Caption-style text data:
┄┄┄┄┄┄

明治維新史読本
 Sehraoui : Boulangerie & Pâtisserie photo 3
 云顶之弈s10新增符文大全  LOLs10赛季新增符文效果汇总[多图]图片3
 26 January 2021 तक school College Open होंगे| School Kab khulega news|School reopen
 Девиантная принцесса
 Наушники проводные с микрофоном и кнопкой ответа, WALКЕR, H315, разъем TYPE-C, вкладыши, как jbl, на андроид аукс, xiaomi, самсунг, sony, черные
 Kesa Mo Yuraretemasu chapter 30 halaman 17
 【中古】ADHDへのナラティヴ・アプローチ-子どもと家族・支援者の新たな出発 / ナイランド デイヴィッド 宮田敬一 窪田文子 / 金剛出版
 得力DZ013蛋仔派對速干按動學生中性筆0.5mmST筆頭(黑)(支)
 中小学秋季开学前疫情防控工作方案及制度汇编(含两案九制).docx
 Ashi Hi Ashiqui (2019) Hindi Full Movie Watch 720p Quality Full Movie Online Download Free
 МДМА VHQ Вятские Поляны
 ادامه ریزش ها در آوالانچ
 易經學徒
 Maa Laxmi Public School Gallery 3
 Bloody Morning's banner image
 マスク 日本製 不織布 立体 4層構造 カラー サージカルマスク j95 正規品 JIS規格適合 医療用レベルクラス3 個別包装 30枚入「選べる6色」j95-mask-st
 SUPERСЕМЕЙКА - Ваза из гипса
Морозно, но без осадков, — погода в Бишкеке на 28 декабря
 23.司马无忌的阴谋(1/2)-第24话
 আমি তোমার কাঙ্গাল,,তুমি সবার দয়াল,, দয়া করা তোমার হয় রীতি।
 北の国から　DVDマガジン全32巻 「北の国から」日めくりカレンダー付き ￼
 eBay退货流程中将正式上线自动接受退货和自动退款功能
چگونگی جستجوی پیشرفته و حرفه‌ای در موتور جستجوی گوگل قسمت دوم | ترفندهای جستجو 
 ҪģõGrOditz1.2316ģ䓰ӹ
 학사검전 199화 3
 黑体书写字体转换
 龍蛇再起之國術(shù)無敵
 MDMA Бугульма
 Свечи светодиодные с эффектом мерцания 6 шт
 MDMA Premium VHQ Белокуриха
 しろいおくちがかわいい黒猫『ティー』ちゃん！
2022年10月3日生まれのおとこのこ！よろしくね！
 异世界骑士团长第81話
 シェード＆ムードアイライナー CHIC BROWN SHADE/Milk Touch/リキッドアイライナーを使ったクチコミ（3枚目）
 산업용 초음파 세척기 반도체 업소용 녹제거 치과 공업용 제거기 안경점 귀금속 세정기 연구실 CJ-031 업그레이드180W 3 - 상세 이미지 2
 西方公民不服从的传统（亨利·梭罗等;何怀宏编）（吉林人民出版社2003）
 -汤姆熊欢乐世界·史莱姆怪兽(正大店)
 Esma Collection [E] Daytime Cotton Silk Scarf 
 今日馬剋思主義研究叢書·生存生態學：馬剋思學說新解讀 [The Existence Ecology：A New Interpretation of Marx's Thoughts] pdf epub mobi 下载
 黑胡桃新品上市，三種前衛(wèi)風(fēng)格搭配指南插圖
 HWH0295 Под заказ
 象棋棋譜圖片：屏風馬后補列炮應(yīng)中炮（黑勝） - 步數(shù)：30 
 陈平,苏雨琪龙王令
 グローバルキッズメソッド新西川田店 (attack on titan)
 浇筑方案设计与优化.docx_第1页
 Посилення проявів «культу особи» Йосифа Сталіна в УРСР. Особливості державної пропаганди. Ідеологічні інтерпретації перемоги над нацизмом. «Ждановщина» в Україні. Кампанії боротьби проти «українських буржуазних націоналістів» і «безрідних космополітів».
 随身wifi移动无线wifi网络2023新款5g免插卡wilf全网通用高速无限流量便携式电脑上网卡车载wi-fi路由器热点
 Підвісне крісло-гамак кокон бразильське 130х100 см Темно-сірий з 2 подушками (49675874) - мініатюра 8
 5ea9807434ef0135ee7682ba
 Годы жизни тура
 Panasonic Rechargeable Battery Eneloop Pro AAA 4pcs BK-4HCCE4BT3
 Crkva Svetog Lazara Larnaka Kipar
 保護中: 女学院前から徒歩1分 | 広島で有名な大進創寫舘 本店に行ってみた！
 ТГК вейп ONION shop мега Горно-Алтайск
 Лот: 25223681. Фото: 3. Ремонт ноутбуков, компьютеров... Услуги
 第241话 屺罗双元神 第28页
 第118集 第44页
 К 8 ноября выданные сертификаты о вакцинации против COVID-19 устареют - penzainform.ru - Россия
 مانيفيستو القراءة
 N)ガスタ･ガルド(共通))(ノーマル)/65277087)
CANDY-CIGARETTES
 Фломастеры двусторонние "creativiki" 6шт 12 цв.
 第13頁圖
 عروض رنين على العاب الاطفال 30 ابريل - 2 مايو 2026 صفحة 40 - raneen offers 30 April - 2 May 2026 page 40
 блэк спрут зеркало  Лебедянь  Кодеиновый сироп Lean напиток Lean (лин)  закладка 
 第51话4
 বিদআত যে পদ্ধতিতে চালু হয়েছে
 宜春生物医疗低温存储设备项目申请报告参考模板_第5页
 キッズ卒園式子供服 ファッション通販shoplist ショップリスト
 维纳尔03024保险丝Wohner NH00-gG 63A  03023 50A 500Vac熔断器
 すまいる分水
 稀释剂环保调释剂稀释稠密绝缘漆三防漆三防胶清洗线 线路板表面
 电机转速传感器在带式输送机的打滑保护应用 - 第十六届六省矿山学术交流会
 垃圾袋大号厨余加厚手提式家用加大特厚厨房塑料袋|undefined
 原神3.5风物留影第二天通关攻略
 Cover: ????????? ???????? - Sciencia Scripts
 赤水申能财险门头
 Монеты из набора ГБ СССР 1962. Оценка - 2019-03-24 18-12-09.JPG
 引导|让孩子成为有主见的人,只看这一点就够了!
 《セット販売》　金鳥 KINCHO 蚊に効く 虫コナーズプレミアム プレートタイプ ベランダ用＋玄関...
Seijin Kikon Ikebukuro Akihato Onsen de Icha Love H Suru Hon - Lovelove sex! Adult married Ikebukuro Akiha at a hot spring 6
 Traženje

┄┄┄┄┄┄

AIM OF THE TASK – Up to and including the line with "Девиантная принцесса", transcribe the entries above exactly, starting from their first line.

OUTPUT OF THE EXERCISE –
明治維新史読本
 Sehraoui : Boulangerie & Pâtisserie photo 3
 云顶之弈s10新增符文大全  LOLs10赛季新增符文效果汇总[多图]图片3
 26 January 2021 तक school College Open होंगे| School Kab khulega news|School reopen
 Девиантная принцесса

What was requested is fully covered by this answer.